O quarto era sombrio, imundo. A vida de quem o habitava
também. Não parecia um espaço humano. Não insinuava vida, estímulo para
felicidade. Recordava-me os lugares reservados para colocar esquecimentos, coisas
que não necessitam estar a vista, depósito de objetos sem utilidade.
Este é o quarto do meu filho! - revelou-me com voz embargada,
cheia de tristeza, aquela mulhernem jovem, nem velha. Na confissão quase
envergonhada de que aquele lugar estranho era o lugar da casa reservado ao seu
filho, a mulher parecia pedir socorro, como se estivesse contando ter
descoberto o lugar do cativeiro do filho sequestrado. Não, não era um lugar
distante dos seus olhos. Não era como nas histórias clássicas de sequestro, em
que os seqúestradores escolhem um lugar distante para manter a vítima em
estado de rendição. Era dentro da sua própria casa que os seqúestradores
mantinham o seu filho amado em condições inumanas.

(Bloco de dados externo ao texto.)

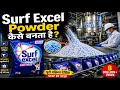 Surf Excel Powder कैसे बनता हैं? | 😱 Inside Biggest Detergent Factory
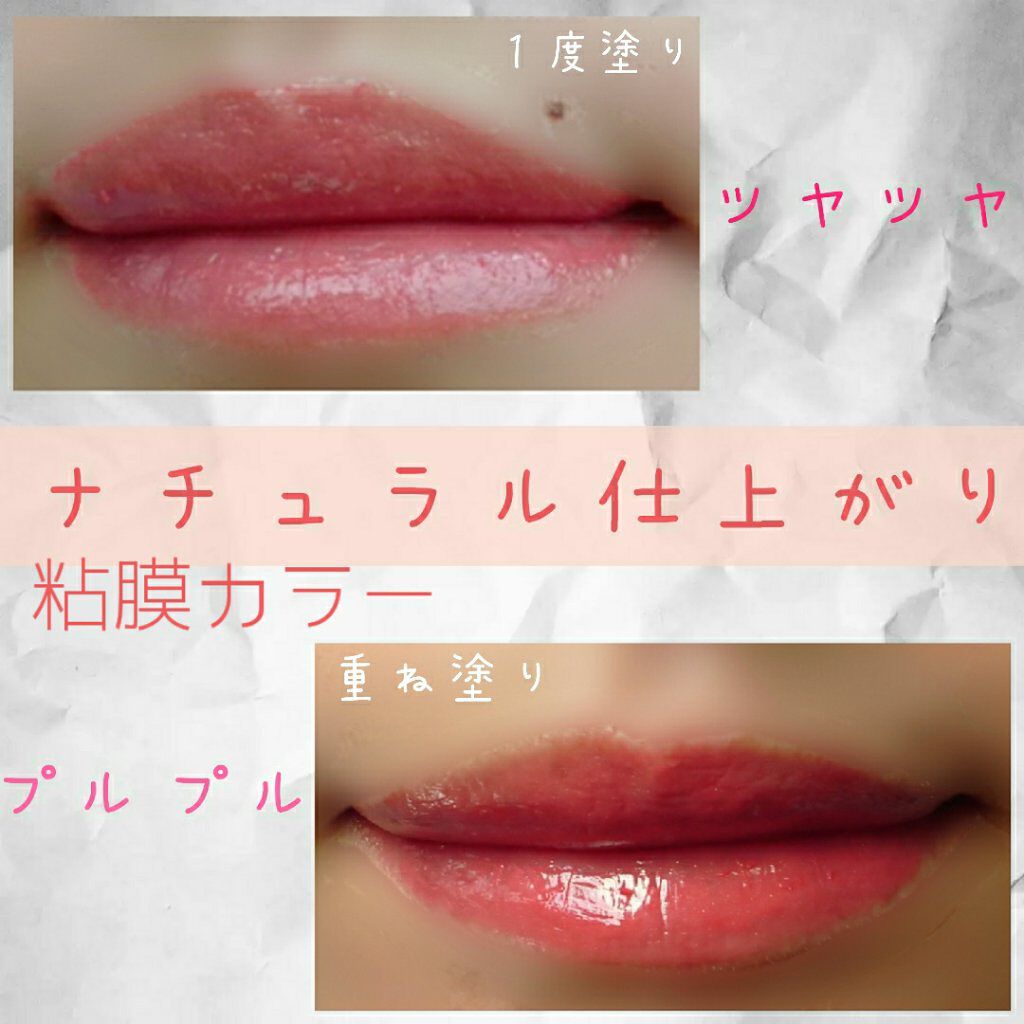 ワンダーハニー マイニュアンス こみつ/VECUA Honey/口紅を使ったクチコミ（3枚目）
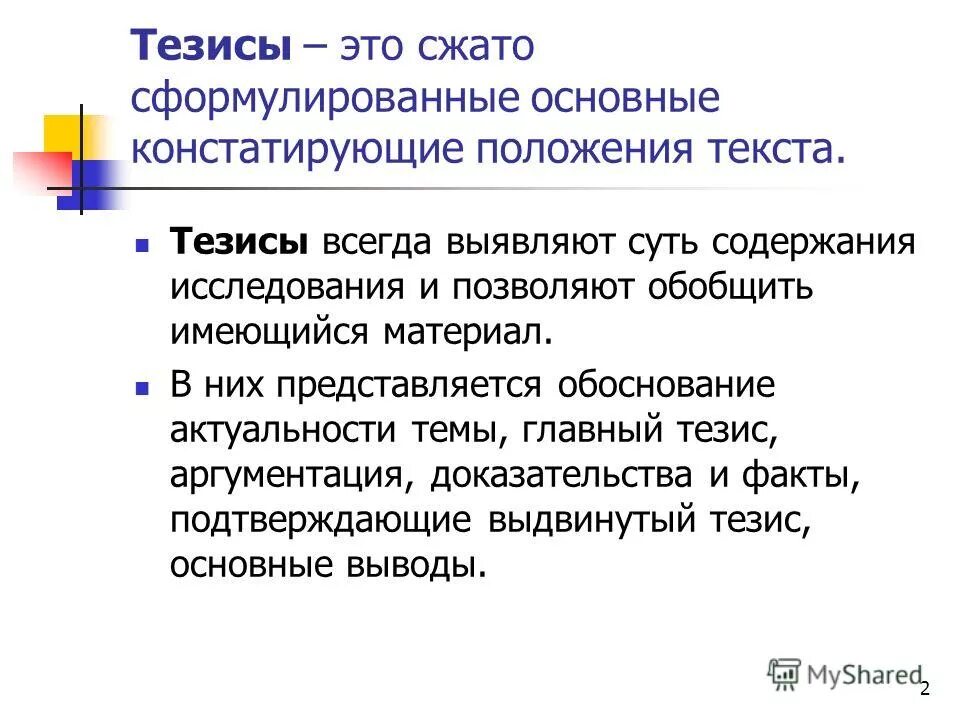 5 тезисов на тему проект Основная Мысль Доклада 5 Букв 70 фото
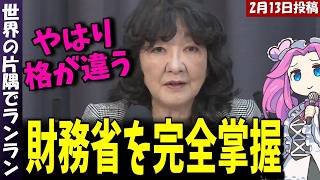 【片山さつき】これはすごい！ヤバ過ぎる！政治が財務省を完全にコントロール下に！長年の緊縮路線に完全に終止符を打った！【#高市早苗 #片山さつき #閣議後会見 】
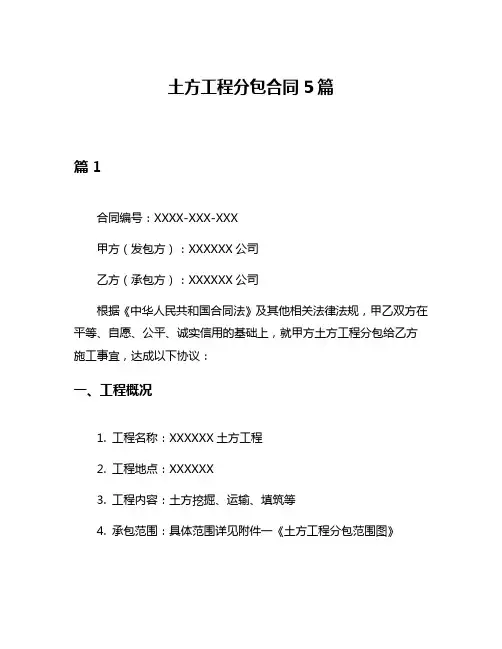 土方工程分包合同5篇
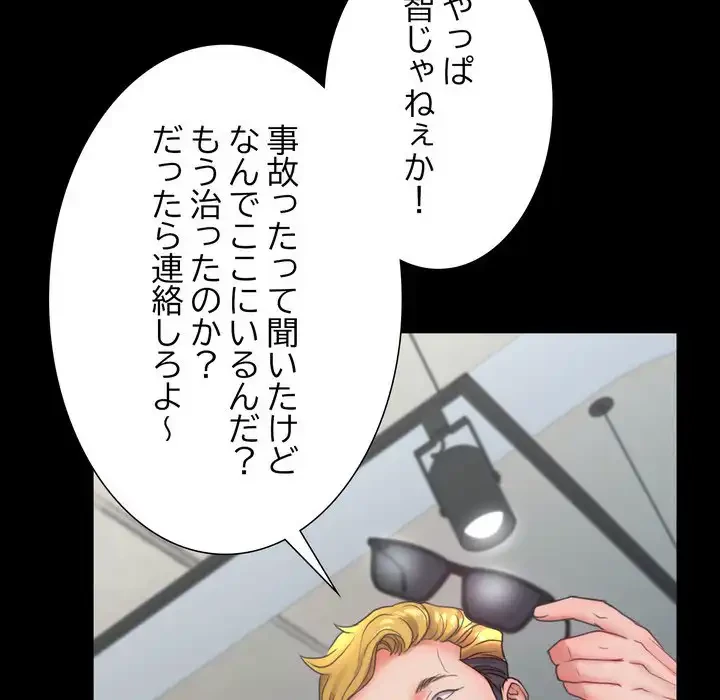人生二週目～ブサ男の俺がイケメンに!?～ 第7話 - 70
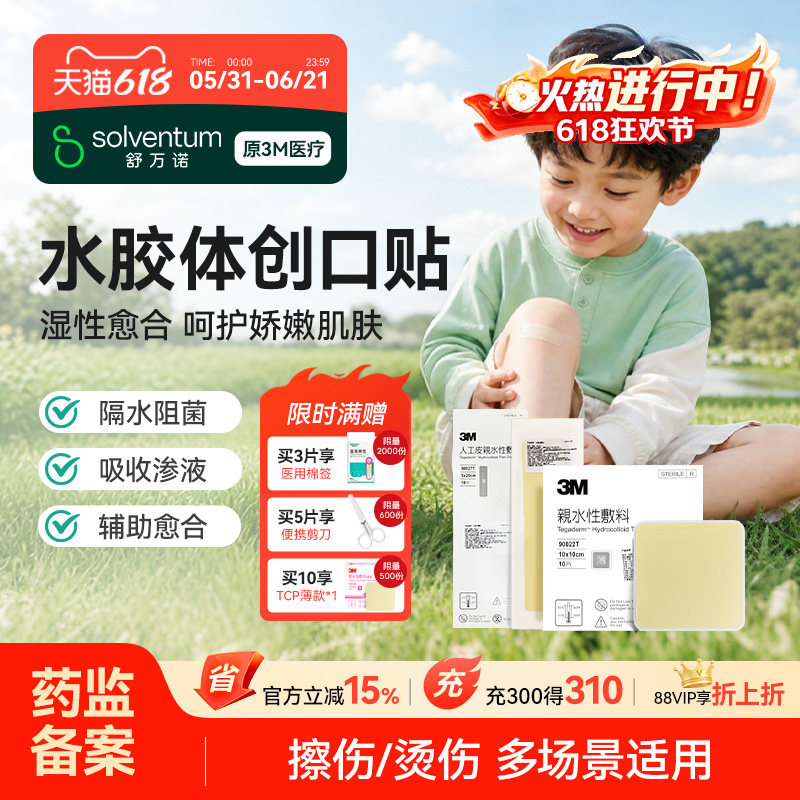 3M水胶体敷料伤口湿性愈合宝宝伤口防抓贴医用水胶体创可贴人工皮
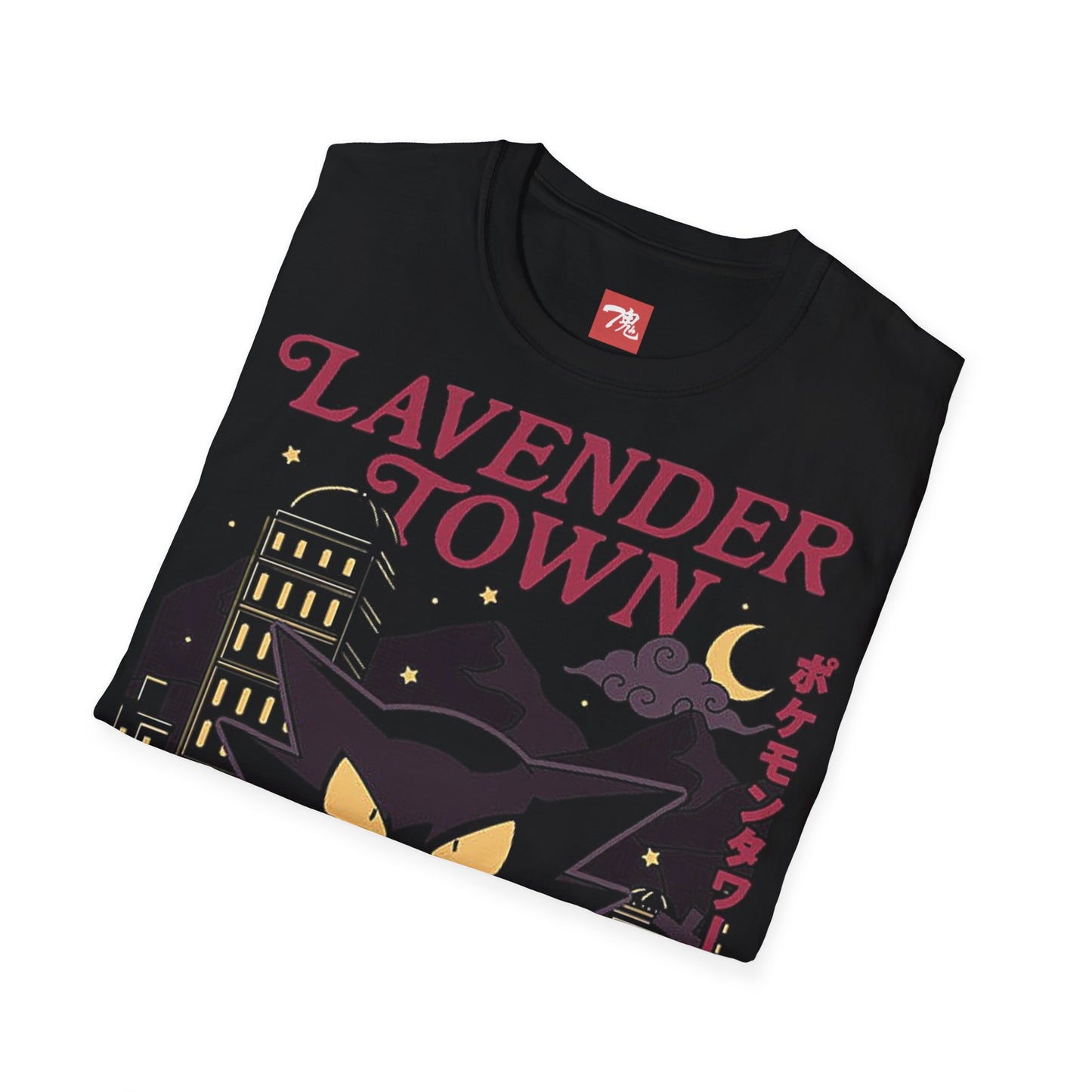 Anime Shirt - Lavender Town - Anime Style Clothing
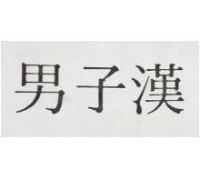 男子漢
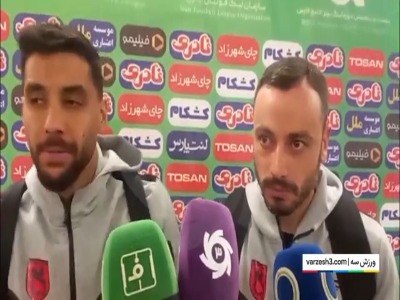 شریفی : بازی با داماش ، بازی خیلی سختی بود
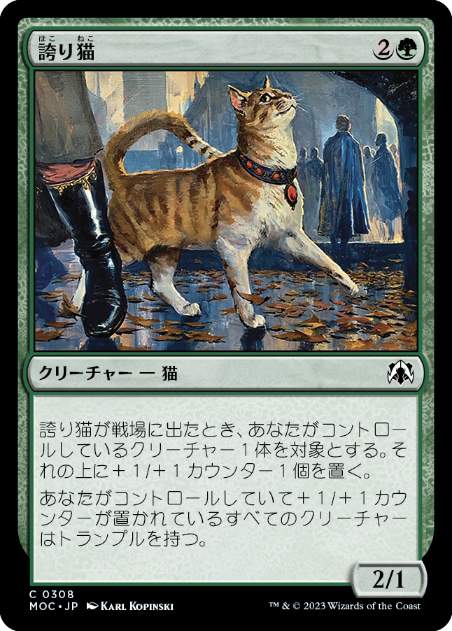 [308]【JP】誇り猫/Pridemalkin【MOC】[C][緑]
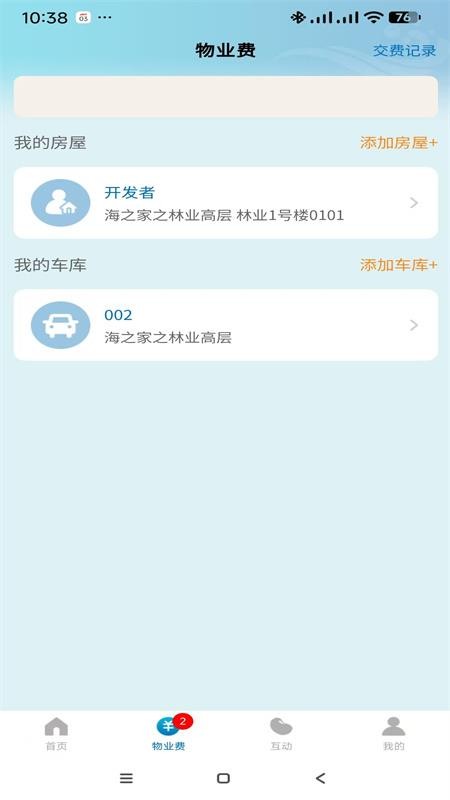 海之家app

Olhou-me com indignação, como se quisesse justificar-se de
permitir aquele absurdo. Meu filho dorme aqui! - repetia com tristeza. Parecia
querer acreditar em motivos desconhecidos, estranhos à razão humana, que
pudessem justificar a escolha tão errada de seu menino.
As drogas o sequestraram. Vítima da dependência química, aquele
menino dotado de inteligência rara entregou-se aos absurdos maus tratos que os
entorpecentes causam na vida humana. O vício chegou de mansinho, assim como
tudo na vida. Um cigarro hoje, uma cerveja amanhã. Drogas mais leves no início,
depois as mais pesadas e, aos poucos, bem aos poucos, os seqúestradores foram
assumindo o controle de sua vida. Violência, roubos; tudo o que antes era
inimaginável na vida do menino tornou-se real. A droga o fez assumir uma
personalidade estranha, alheia, porque provocou nele o esquecimento de quem
ele era. Seqúestradores costumam fazer isso com seus sequestrados. Quanto mais
esquecido ele estiver de sua natureza, maior será sua entrega aos poderes de quem
o seqüestrou, de quem o levou de si mesmo.
Seqüestros do corpo; seqüestros da subjetividade. Nem sempre é
preciso levar o corpo, acorrentá-lo de maneira concreta, real. Há um jeito sutil de
levar embora, de conduzir para fora, de fazer esquecer, de perder a identidade.
Viciados não se pertencem mais. Estão sujeitos a uma necessidade que se opõe à
liberdade. Perderam a condução da própria vida, porque foram levados por uma
necessidade estranha, alheia, mas determinante.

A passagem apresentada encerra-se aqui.